A third sector jaded by Telegraph-inspired headlines could be forgiven if it found its attention drifting at this point. One could so easily view Brown's focus on devolving power and budgetary control to citizens as that of a man clutching wildly for an Obama-esque 'last hundred days' agenda. But this would be to miss the much bigger story.

The truth is that the biggest reform of public services in 20 years is almost upon us and we seem hardly to have noticed.

Personal budgets and related tools that allow money and support to 'stand behind' citizens' actions and goals to improve their lives will soon become a dominant feature of the policy landscape, but we have only just begun to really think through, in hard practical terms, the implication of this move.

Whether it is Brown or David Cameron – or others yet unknown - in charge in 12 months' time it will make next to no difference to the direction or the pace of reform.

Centralism is discredited; devolution of power cannot stop at the town hall; citizens growing up in a new information age demand more; and, above all, the black hole at the heart of public finances makes this change inevitable.

Third sector organisations in three years' time will be different places, with new systems, staffing structures, pricing models and products.

The skills needed to navigate the ever-changing acronyms of public funding streams will be swapped for those required to serve a market where the citizen-consumer has suddenly become sovereign.

We are talking, in other words, about a whole system change. It is akin to the much-heralded switch from analogue to digital – except the public debate, let alone the public awareness campaign has barely begun.

System reform of this kind presents clear risks. Many different mistakes could be made. We could fail to support and empower people to make good choices.

Delivery costs could rise. Quality could suffer. Some think the juggernaut of personalisation will lose some of its wheels along the way and that reform will founder.

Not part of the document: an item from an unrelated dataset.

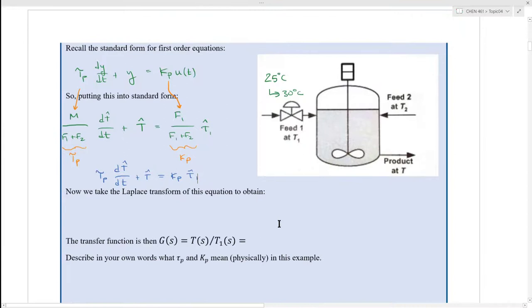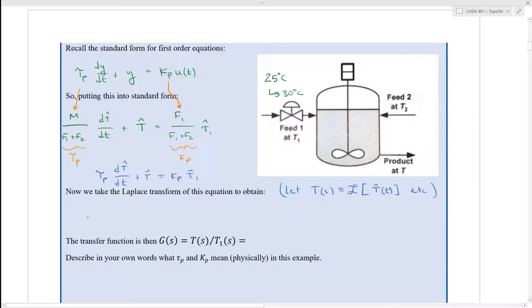Now that we have the differential equation in this form, we're going to take a Laplace transform of it. Let's define our Laplace variables: let capital T(s) be defined as the Laplace transform of T-hat as a function of time, etc. Since it's already in deviation variable format, we don't have to worry about the initial condition when we take the Laplace transform of the time derivative. The Laplace transform of the equation gives: τp times s times T(s) plus T(s) equals Kp times T1(s).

I believe this view is fundamentally misconceived, above all because these reforms are just too important to be allowed to fail.

It is for this reason that I am delighted to be chairing a new commission on personalisation, set up by the Association of chief executives of voluntary organisations (Acevo) and with membership including a wide range of third sector chief executive officers, senior government officials and representatives from a variety of thinktanks.

We are very clear that remarkable opportunities lie ahead for the third sector: a £30bn market with more to follow; liberation from ramshackle contracts; and freedom to focus on our core mission - on helping people to empower themselves.

The commission is independent, non-partisan and we come with hundreds of years of combined practical experience; equipped to help turn visionary ideas into a new system that does truly work for those who need help most.

Our initial report for both government and opposition will be released in November 2009.